Quoique attendue, cette décision va poser un problème majeur au Mittelstand, ce réseau de grosses PME souvent familiales qui constituent l'ossature de l'économie allemande. Jusqu'ici en effet, près des trois quarts des successions d'entreprises en Allemagne bénéficiaient de très larges exemptions. Ainsi, lorsque l'entreprise est en effet détenue depuis au moins 5 ans, n'a été ni vendue, ni mise en faillite, qu'elle n'a pas de liens capitalistiques avec d'autres entreprises et que les licenciements et les baisses de salaires ont été limités, la succession n'est taxée qu'à hauteur de 15 % du taux normal. Mieux même, lorsque la détention de l'entreprise est supérieure à 7 ans et qu'il n'y a eu au cours de cette période aucun licenciement, la transmission de l'entreprise peut être intégralement exemptée d'impôts. Cette dernière exemption est devenue de plus en plus courante. Selon les chiffres de Der Spiegel, les transmissions d'entreprises non imposées sont passées de 3,4 milliards d'euros en 2003 à 25 milliards d'euros en 2013. En tout, près de 105 milliards d'euros auraient depuis 2009 été transmis sans être concernés par l'impôt.

Socle de l'économie allemande

Mal connues à l'étranger, ces dispositions constituent un socle au moins aussi important pour l'économie allemande que les fameuses « réformes structurelles » dont on nous rabat les oreilles. C'est un des éléments centraux de la constitution du Mittelstand, ce réseau de grosses PME qui constitue l'essentiel du tissu économique allemand. A la différence de leurs homologues français ou britanniques, les chefs d'entreprises allemands n'ont en effet aucun intérêt à vendre au plus offrant ou par appartement leurs sociétés. L'argent ainsi collecté sera en effet soumis au taux normal, qu'il soit investi en titres ou dans l'immobilier.

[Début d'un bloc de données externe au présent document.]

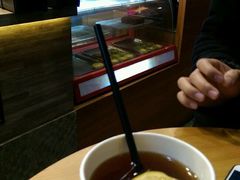 -香港鸿记冰室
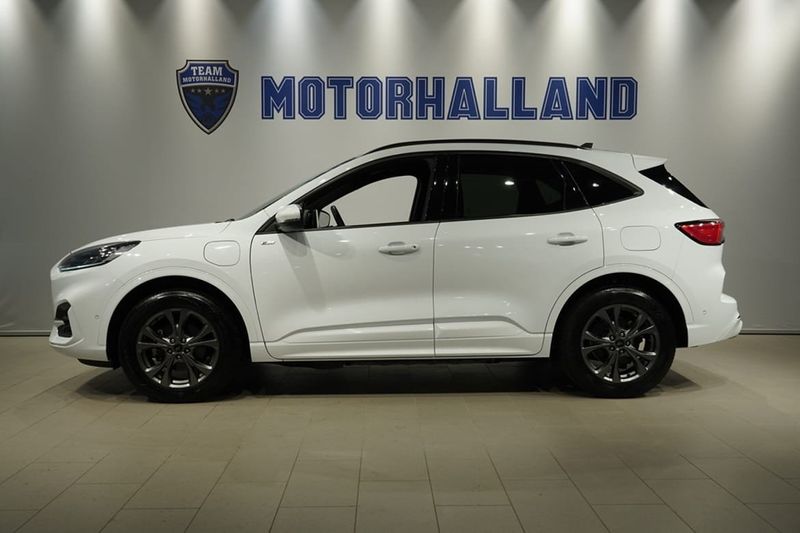 Ford Kuga bild 4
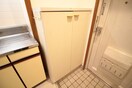 靴箱 ＭＳビル南竹屋
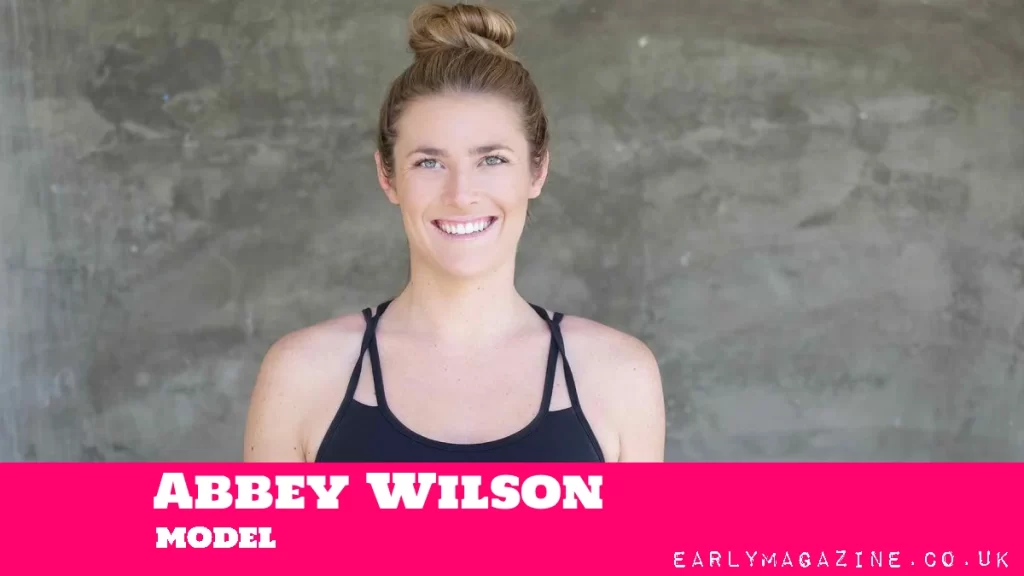 Abbey Wilson Net Worth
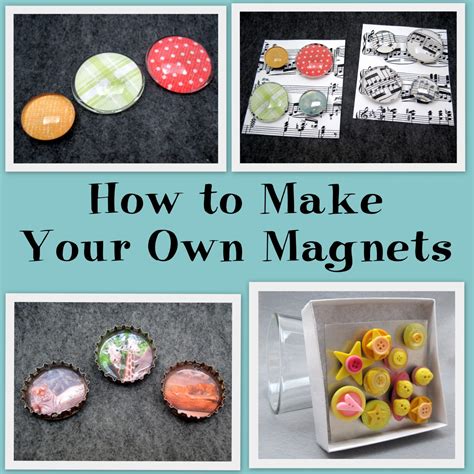 Methods of Making Magnets 的图像结果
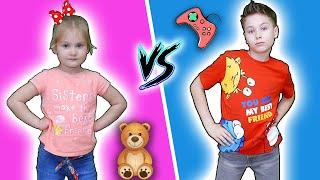 МАЛЯВКА vs ШКОЛЬНИК !!! Вайны Fast Sergey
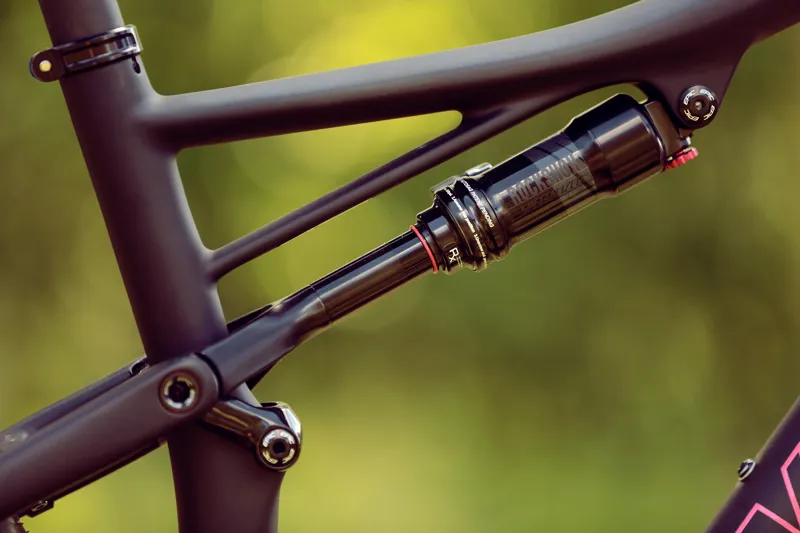 Specialized SWorks Epic XX1 Eagle Womens 29er Mountain Bike 2018 Black-2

Le patron du Mittelstand a donc tout intérêt à développer son entreprise par ses propres moyens ou par le crédit bancaire afin de pouvoir transmettre ce patrimoine à moindre coût.

Protection de l'emploi

De même, la protection de l'emploi devient pour ces patrons une valeur importante : licencier à la moindre difficulté peut coûter l'exemption fiscale. Là encore, à la différence d'autres pays, on préfère utiliser d'autres moyens, notamment le chômage technique subventionné (Kurzarbeit) ou l'annualisation du temps de travail, pour sauver son patrimoine. Ceci explique en partie pourquoi en 2009, lors de la grande récession qui a suivi la faillite de Lehman Brothers, les entreprises françaises ont commencé par licencier, tandis que leurs homologues allemands préféraient jouer la montre et utiliser le Kurzarbeit massivement. Le Mittelstand représente 90 % des emplois outre-Rhin.

Risque économique

Ces dispositions fiscales ne sont donc pas anodines. Elles constituent une sorte de colonne vertébrale du modèle économique outre-Rhin. 60 % des transmissions d'entreprises bénéficient de l'exemption à 85 % et 15 % de l'exemption totale. Dans les milieux patronaux, on estime que le Mittelstand ne saurait résister à la suppression de ces privilèges fiscaux et qu'il en résulterait des faillites ou des licenciements massifs. Certains évoquent même "la destruction de l'économie allemande." Mais ces exemptions étaient jugées par beaucoup très injustes et la Cour de Karlsruhe leur a donné raison, estimant que l'égalité devant l'impôt était mise en cause, sans être - comme les exemptions familiales - justifiée par la Constitution.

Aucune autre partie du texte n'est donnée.